Сны поездов - Денис Джонсон
ТОЛЬКО В ЧЕТВЕРГ, 22 АВГУСТА
САМАЯ ДЕРЗКАЯ КАРТИНА ГОДА «ГРЕХИ ЛЮБВИ»
ТАКОГО ВЫ ЕЩЕ НЕ ВИДЕЛИ!
НАСТОЯЩИЕ РОДЫ
АБОРТ
ПЕРЕЛИВАНИЕ КРОВИ
НАСТОЯЩЕЕ КЕСАРЕВО СЕЧЕНИЕ
ОСОБО ЧУВСТВИТЕЛЬНЫМ ПРОСЬБА НЕ ВХОДИТЬ!
НА КАЖДОМ СЕАНСЕ ДЕЖУРЯТ МЕДСЕСТРЫ
НА СЦЕНЕ — ЖИВЫЕ МОДЕЛИ И МИСС ГАЛВЕСТОН, ПОБЕДИТЕЛЬНИЦА ТОГО САМОГО КОНКУРСА КРАСОТЫ В ГАЛВЕСТОНЕ, ШТАТ ТЕХАС
ЛИЦАМ ДО 16 ВХОД ВОСПРЕЩЕН
УТРОМ — ТОЛЬКО ДЛЯ ДАМ
ВЕЧЕРОМ — ТОЛЬКО ДЛЯ МУЖЧИН
СПЕЦИАЛЬНЫЙ ГОСТЬ ПРОФЕССОР ГОВАРД ЯНГ,
БЛЕСТЯЩИЙ СЕКС-ЛЕКТОР
ОТКРОВЕННЫЕ ПОДРОБНОСТИ
ВСЯ ПРАВДА О ЛЮБВИ
ЯВНЫЕ ФАКТЫ О ТАЙНЫХ ПОРОКАХ
И НИКАКИХ ОБИНЯКОВ!
Грэйньер перечитал афишу несколько раз. Горло у него сжалось, внутри все затрепетало, по телу пробежала дрожь, вроде бы не сильная, но ему показалось, что вся улица при этом закачалась, как весельная лодка.
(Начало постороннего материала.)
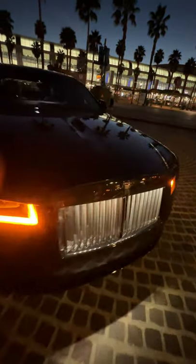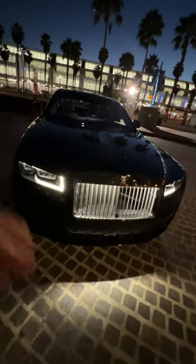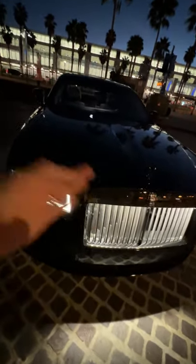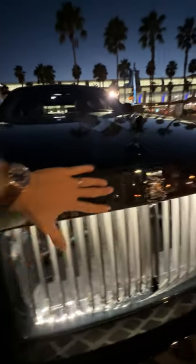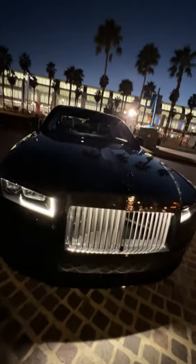The Black Badge Ghost has a dark chrome treatment for the Spirit of Ecstasy and the Pantheon grille. But Rolls-Royce wasn't about to paint it on, because paint can chip. So instead, they took a chromium electrolyte and bonded it to the metal at the width of one hundredth of a human hair.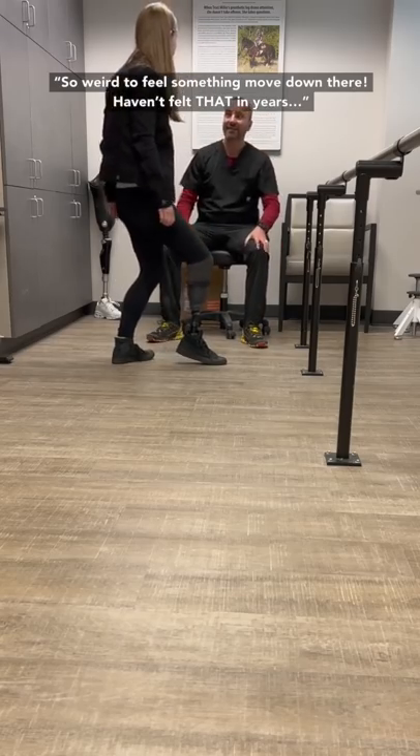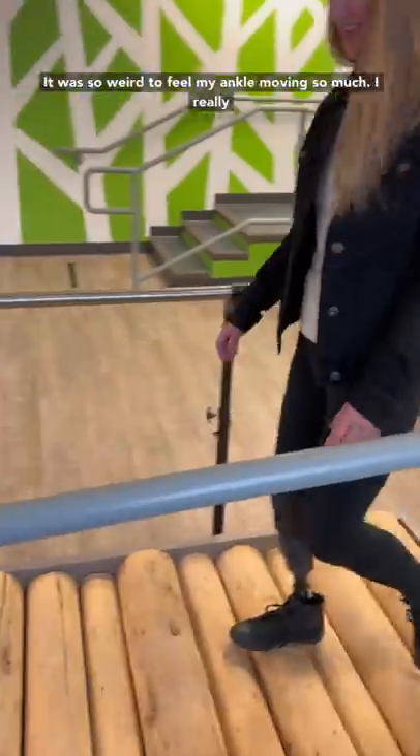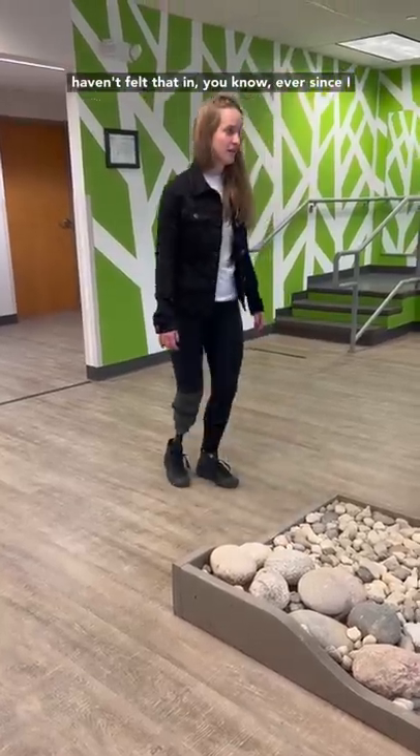It's so weird to feel something move down there. Haven't had that in like, you know, four years. It was so weird to feel my ankle moving so much — I really haven't felt that ever since I lost my leg.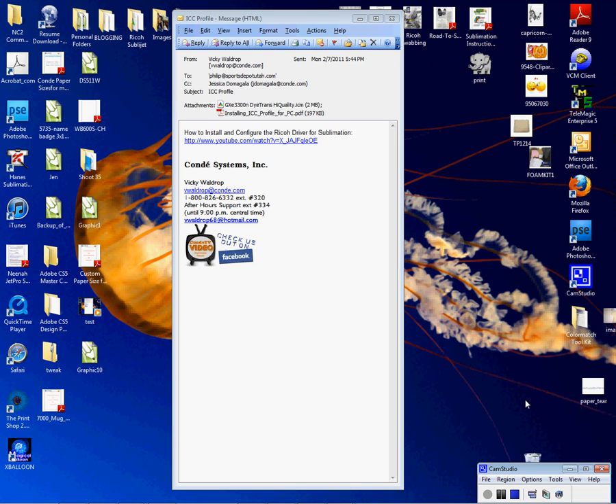Hi, I'm Vicki with Condi Systems. Today we'll be showing you how to set up your Adobe InDesign program CS5 version. We're going to set it up with an ICC profile. Profiles are obtained through Condi by email at support@condi.com. Profiles are unique to your sublimation system or your Chromoblast system based on the printer that you purchase. Today we'll be dealing with the GXE3300N DiTrans high-quality ICM. This profile will work only with the GXE3300 Ricoh printer.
Он подумал, не сошел ли он с ума и не пора ли обратиться к мозгоправу.
Одуреть!
Кое-как, пробираясь сквозь непроглядный туман желания, он добрел до железнодорожной станции. «Грехи любви», 22 августа, четверг. Рядом с дверями пассажирского вагона, на котором он выехал из города, висел календарь, сообщавший, что сегодня воскресенье, 11 августа.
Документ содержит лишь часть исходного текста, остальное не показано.